Valeria Selinger, cineasta, también es argentina y lleva radicada en Francia más de la mitad de su vida. Hace no mucho tiempo descubrió que vivía a pocas cuadras de la casa de Alcoba, en París. El hallazgo no fue azaroso: había leído La casa de los conejos, había vislumbrado una película allí, y se había propuesto establecer algún contacto con la autora del libro.
El resultado de ese encuentro se podrá ver en la Argentina este jueves, y es un film basado en la novela, que lleva su mismo título y donde, además de figuras conocidas como Darío Grandinetti y Miguel Ángel Solá, brillan la pequeña actriz Mora Iramain García y sus ojazos: porque es desde allí, desde esa mirada infantil, desde donde observaremos –como antes leímos– este relato de una tragedia anunciada.
Mora es Laura, el personaje, y es también el eco de la niña que alguna vez fue Laura Alcoba. De la película, a través de algunas intervenciones sonoras y el tono de algunos pasajes narrativos, se desprende un leve resto onírico. Por momentos la protagonista parece deslizarse en el ensueño de un cuento de hadas donde hay prodigiosos cuartos secretos (a los que en el prosaico mundo real llaman “embutes”), galantes caballeros que cuentan historias de cartas robadas, y conejos con virtudes protectoras (aunque no sirvan más que para simular un criadero destinado a encubrir la imprenta de Evita montonera). Pero en todo cuento de hadas hay bosques ominosos, ogros, amenazas. Laura observa y, niña al fin, acepta al mundo adulto como se admite un misterio: una multitud de fragmentos más bien incomprensibles que, simplemente, son lo que son.
Entonces ocurre que algunos viajes se hacen oculta bajo una frazada en el asiento de atrás de un auto; que cada tanto mamá se pone pelucas y ropa que la hacen parecer otra o la merienda se toma –vaso de chocolatada, tostadas con dulce– en la misma mesa donde la gente que te cuida, te mima y te ayuda a hacer los deberes se ocupa de limpiar armas con tesón.
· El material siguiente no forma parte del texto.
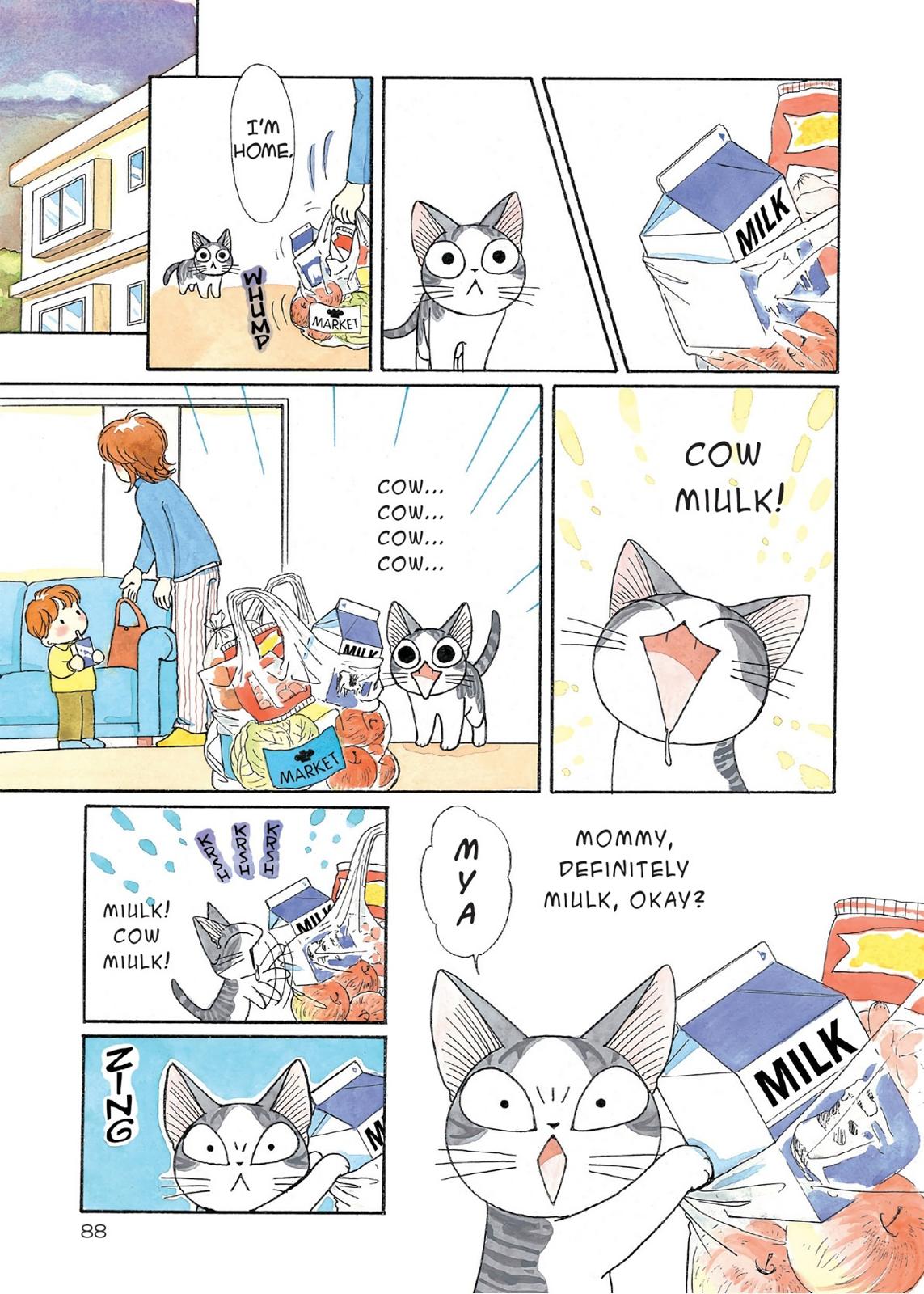 Read Chis Sweet Home en Manga Online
Los adultos que rodean a Laura son terriblemente jóvenes, están terriblemente acorralados. Saben de un modo tácito, imposible de precisar, que tienen los días contados (salvo su madre y Clara Anahí Mariani, beba que aún permanece desaparecida, todos las personas que Laura conoció en la casa de los conejos fueron masacradas en noviembre de 1976).
Miro la película, releo fragmentos del libro; las historias de los setenta tienen un imán del que me cuesta sustraerme. Un dolor largo, difícil, que tanto Alcoba como Selinger transitan sin ceder ni al juicio ni a la complacencia.
Y asoma un indicio: quizás no seamos más que eso que hicimos con las decisiones que nuestros padres nos legaron, las decisiones que legaremos a nuestros hijos. La auténtica marca en el orillo que, como el nombre, nunca se elige.